Your objective: Leaving the pictures aside, transcribe every line below exactly.
··· Dataset excerpt ···
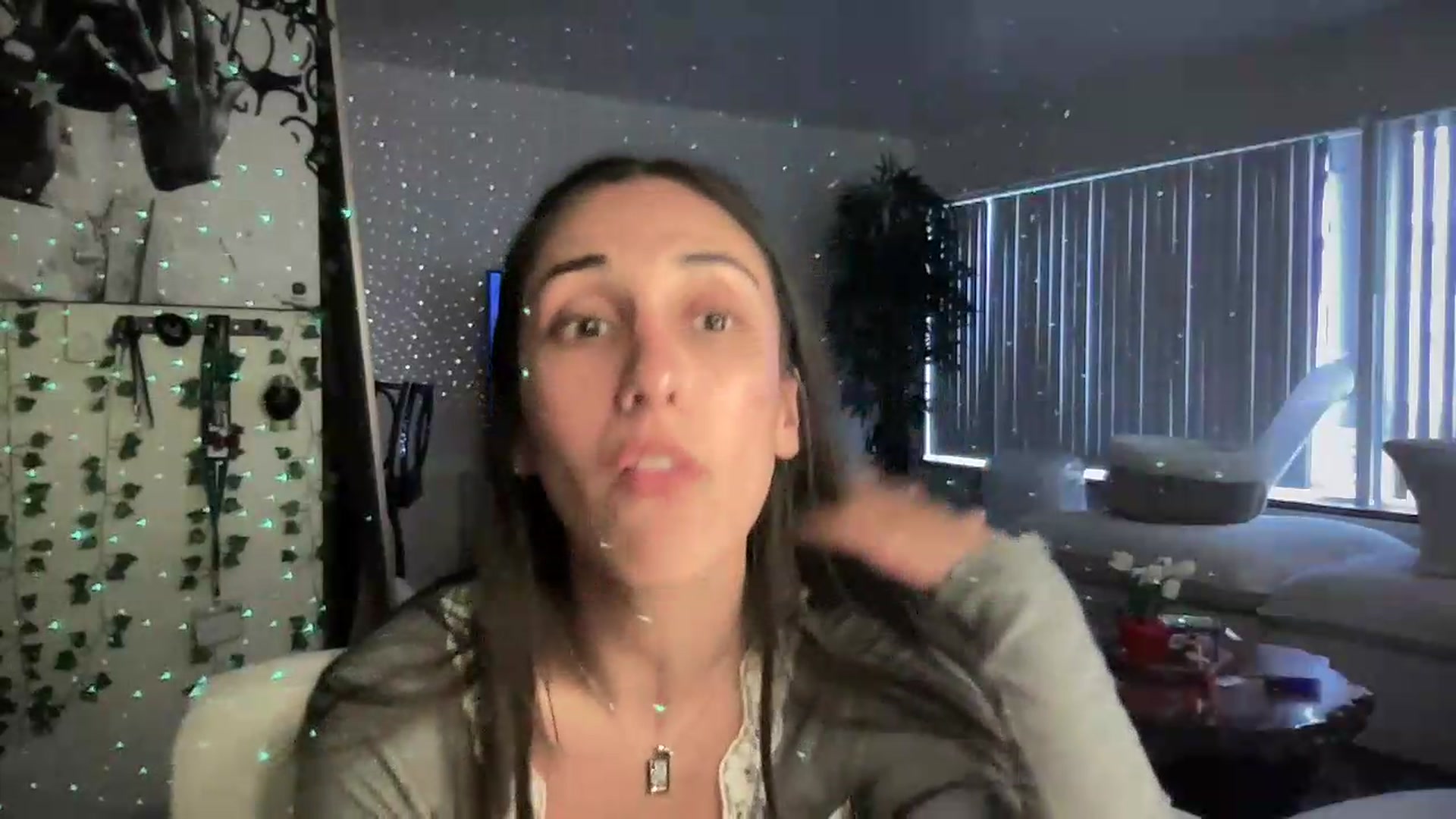 Gallery image thumbnail from LittlePersian's myfreecams stream on, 07/12/2026, 13:30 image 2 of 20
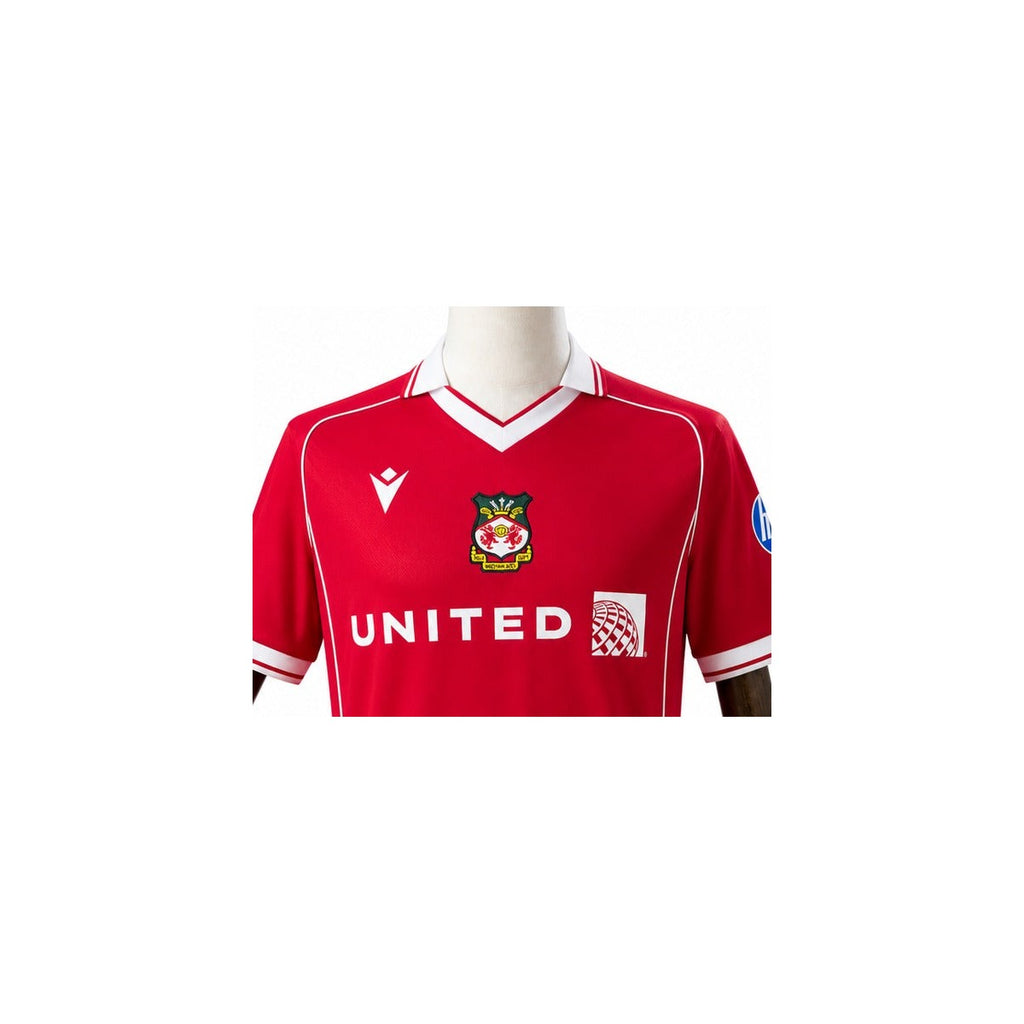 Camisa Wrexham AFC - 1º Uniforme Torcedor 2025/2026 detalhe escudo manequim fundo branco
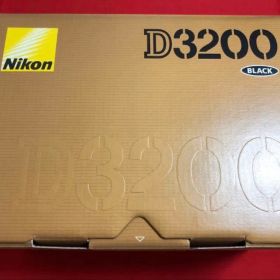 NIKON D3200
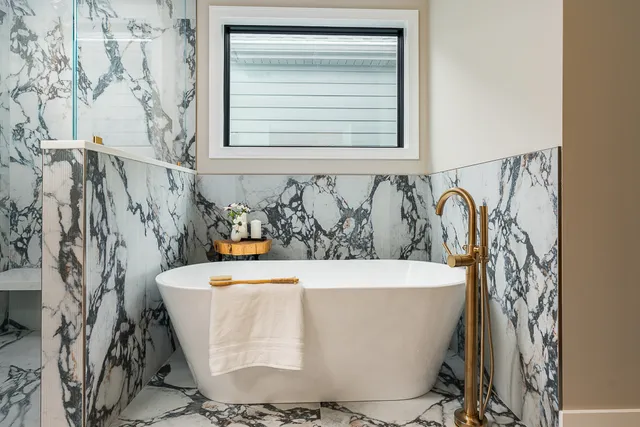 $1,925,000 | 2203 West Huron Street, Chicago, IL 60612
···
Solution to this problem:
 Gallery image thumbnail from LittlePersian's myfreecams stream on, 07/12/2026, 13:30 image 2 of 20
 Camisa Wrexham AFC - 1º Uniforme Torcedor 2025/2026 detalhe escudo manequim fundo branco
 NIKON D3200
 $1,925,000 | 2203 West Huron Street, Chicago, IL 60612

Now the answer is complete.